(SOURCE DATA)

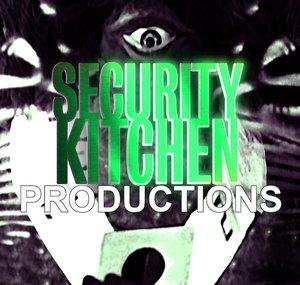 Security Kitchen Productions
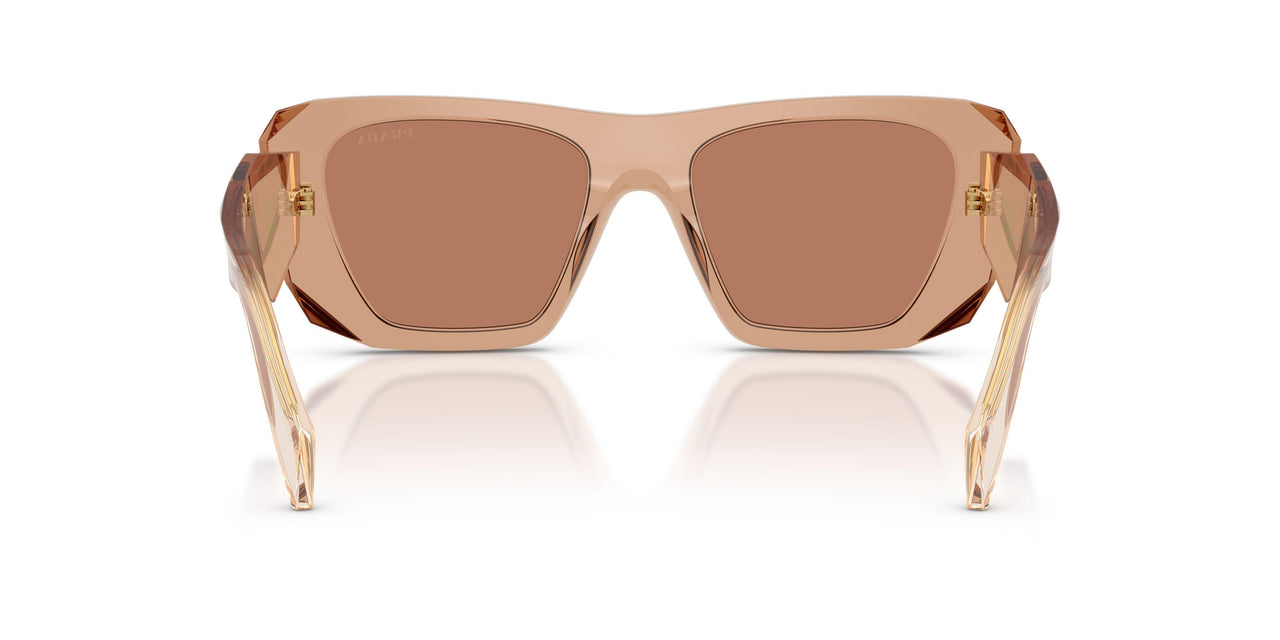 28E90Q - Brown - Brown
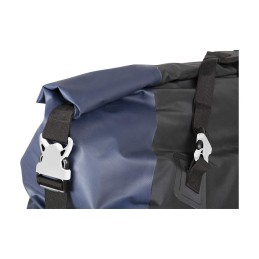 Sac de sport Ascent Dry Duffle Mares APNEA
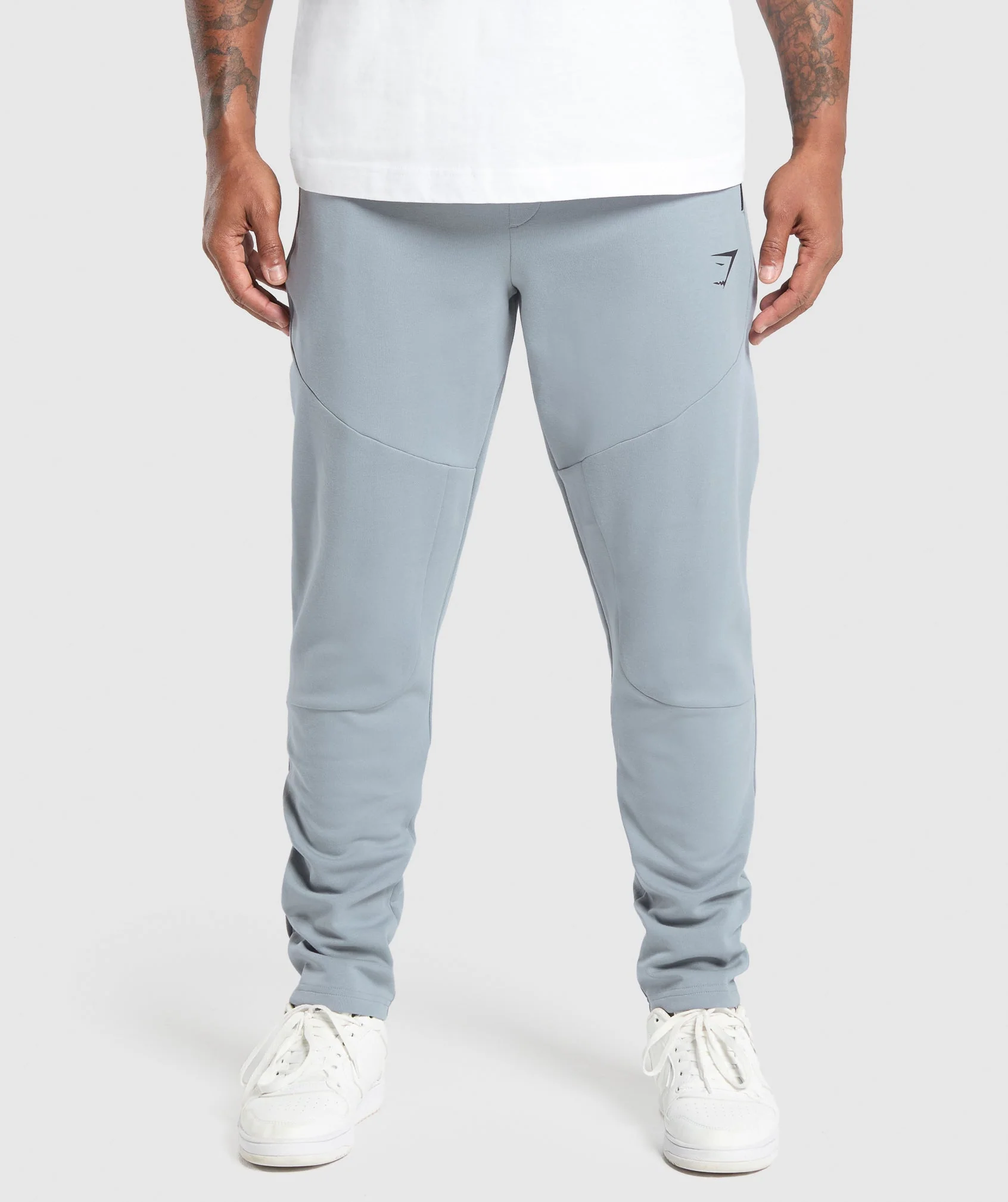 Interlock Tech Joggers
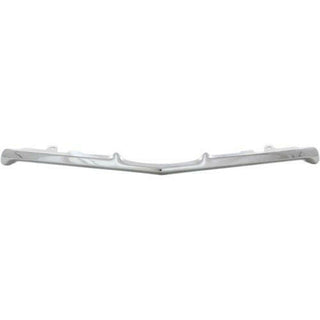 1988-2002 CHEVY CAMARO 1969 FRONT BUMPER.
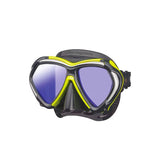 Masks - Tusa Paragon Mask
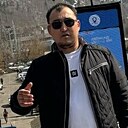 Знакомства: Жасик, 37 лет, Актюбинск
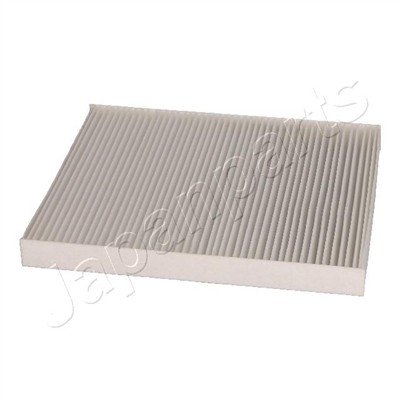 JAPANPARTS FAA-CD1 EAN: 8033001447606.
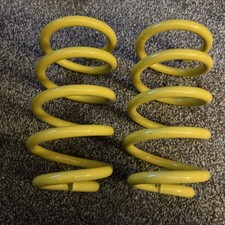 Alfa Romeo GTV Spider 916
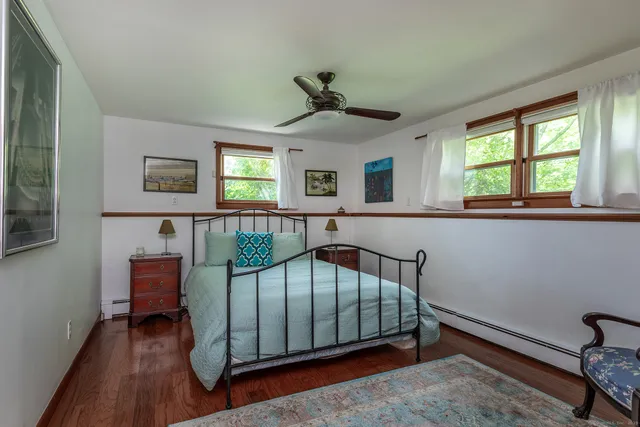 $849,000 | 12 Lucas Road, Sharon, CT 06069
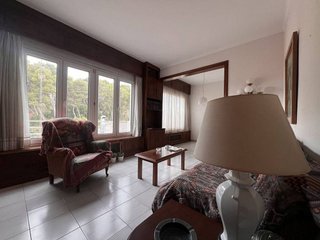 Piso en venta en Centre - Passeig i Rodalies en Manresa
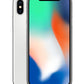 Apple iPhone X Unlocked - Excellent Condition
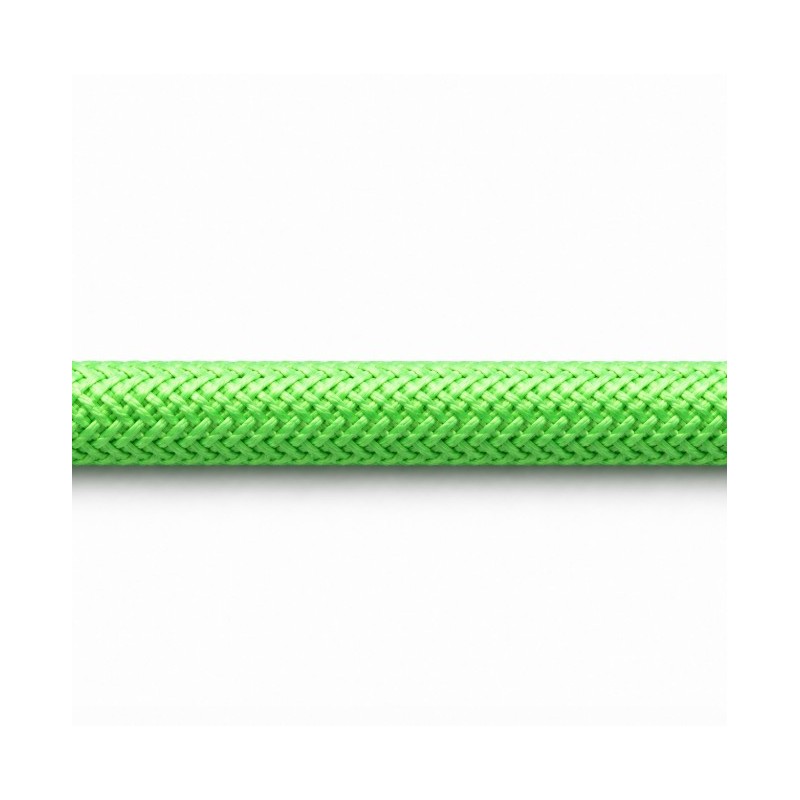 METROS TEXTIL 2X0.75 FOSFOVERDE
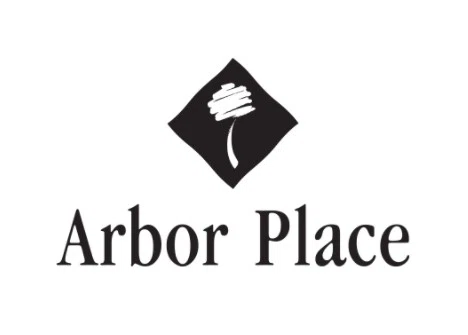 Arbor Place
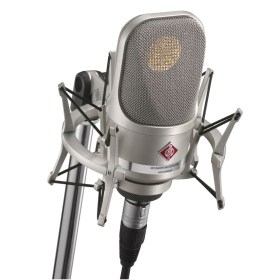 Neumann TLM 107 Конденсаторные микрофоны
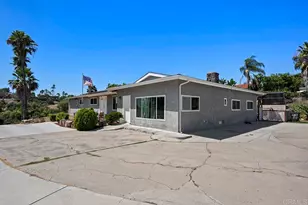 1219 Wren St, San Diego, CA 92114 - Photo 34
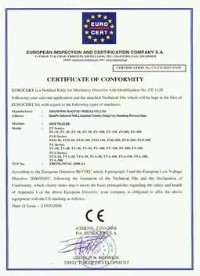 1672024639784751.jpg 证书3.jpg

(End SOURCE DATA)

THE PROBLEM: Could you transcribe the records above exactly, leaving out any pictures?

RESPONSE AREA:
 Security Kitchen Productions
 28E90Q - Brown - Brown
 Sac de sport Ascent Dry Duffle Mares APNEA
 Interlock Tech Joggers
 1988-2002 CHEVY CAMARO 1969 FRONT BUMPER.
 Masks - Tusa Paragon Mask
 Знакомства: Жасик, 37 лет, Актюбинск
 JAPANPARTS FAA-CD1 EAN: 8033001447606.
 Alfa Romeo GTV Spider 916
 $849,000 | 12 Lucas Road, Sharon, CT 06069
 Piso en venta en Centre - Passeig i Rodalies en Manresa
 Apple iPhone X Unlocked - Excellent Condition
 METROS TEXTIL 2X0.75 FOSFOVERDE
 Arbor Place
 Neumann TLM 107 Конденсаторные микрофоны
 1219 Wren St, San Diego, CA 92114 - Photo 34
 1672024639784751.jpg 证书3.jpg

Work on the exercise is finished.